O günden beri her yaz aynı yerde, aynı törenle, aynı kavurucu sıcağın altında kuruluyor meydan.
Bu yıl da öyle olacak. Sarayiçi’nde cazgırlar bağıracak, zeytinyağı tenekeleri açılacak, kispetler çekilecek. 664. Kırkpınar Yağlı Güreşleri Festivali, haziranın son gününde başladı, 6 Temmuz Pazar günü sona erecek.
Efsaneye göre, 14. yüzyılda Rumeli’ye sefere çıkan Osmanlı öncü birliğindeki iki pehlivan, Ali ve Selim, günlerce güreşir ama yenişemez. En sonunda ikisi de aynı anda, meydanın ortasında can verir.
Arkadaşları, yıllar sonra mezarlarının yerinde bir pınar bulur: Kırklar’ın Pınarı. O günden beri bu çayır yalnızca yenişme değil, tükenme üzerine kurulu bir sahnedir.
Yapılan her hamle rakibi yenmenin de ötesinde; sınır, kader, çağ, bazen de hayatın kendisini tüketmek içindir.
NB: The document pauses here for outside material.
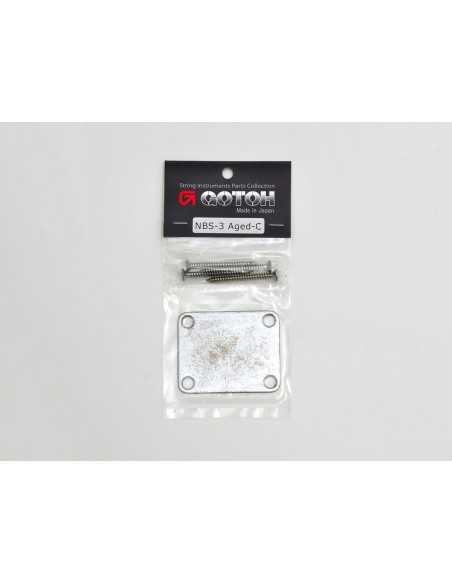 Gotoh Relic F-Type Neck Plate Aged Chrome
Her dönemde yeniden şekillendi
Kırkpınar, zamanla yalnızca bir güreş alanı olmaktan çıkıp bir şehir panayırı haline geldi. Cumhuriyet'in ilk yıllarında haftalar süren etkinliklerde güreşlerin yanı sıra at yarışları, çocuk şenlikleri, konserler, havai fişek gösterileri ve bazı yıllarda güzellik yarışmaları da düzenleniyor, kazananların pozları yerel gazetelerde yayımlanıyordu.